Before you decide to shell out your hard-earned cash, use this guide to learn the pros and cons for each tire type.
The 3 Tire Options1 of 7
On a basic level, there are three types of tires you can choose from to put on your road bike, though some of this decision depends on the type of wheel you own or plan to buy. They include clincher tires, tubular tires and tubeless tires.
Clincher2 of 7
This is the most popular type of tire. It consists of a U-shaped cross section where a separate inner tube fits. The edge of the tire hooks onto the rim to hold everything in place.
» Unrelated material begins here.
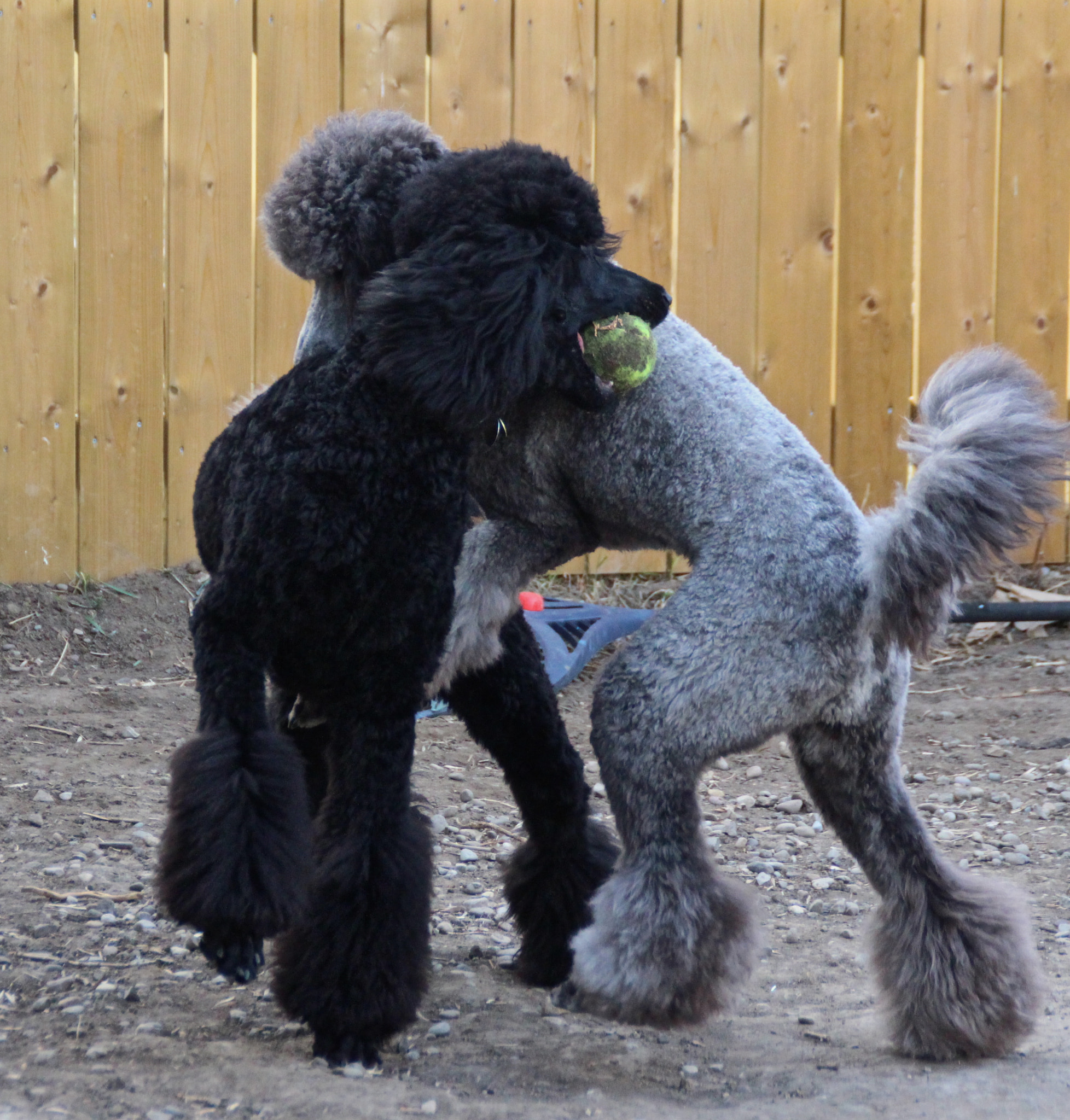 Canon EOS 700D (EOS Rebel T5i / EOS Kiss X7i) + Tamron AF 18-200mm F3.5-6.3 XR Di II LD Aspherical (IF) Macro sample photo. Standard poodle play. argent and ebony photography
Clincher tires have become more popular over the years because they're easy to fix on the road when a flat occurs. Unlike other tires, clincher tires use beads to hold the tire onto the rim. Beads are most often made of a strong steel cable or Kevlar belt that runs along the edge of the tire. Because of this, clincher tires and rims are usually heavier in weight than other tire options, though with the invention of Kevlar this disadvantage has decreased significantly.
Other setbacks of using a clincher wheel and tire are the increased likelihood of pinch flats and less overall comfort of the ride.
Tubular3 of 7
Tubular tires are used most often by cyclists interested in racing. They're lightweight, puncture less often and are widely considered to be the most comfortable tire.
Since a tubular tire contains no inner tube and is glued onto the rim, it can only be used with a tubular wheel set. The downside is that tubular tires take time and patience to mount. It's often recommended to apply two or three layers of glue, which can take a few days of drying and reapplication to do it right.
If you have a flat with a puncture larger than a few millimeters, a spare tire is needed. Vittoria Pit Stop and Hutchinson Tires make flat repair canisters for quick fixes (simultaneously inflating and fixing a puncture), and though they do work in some scenarios, they won't repair large cuts.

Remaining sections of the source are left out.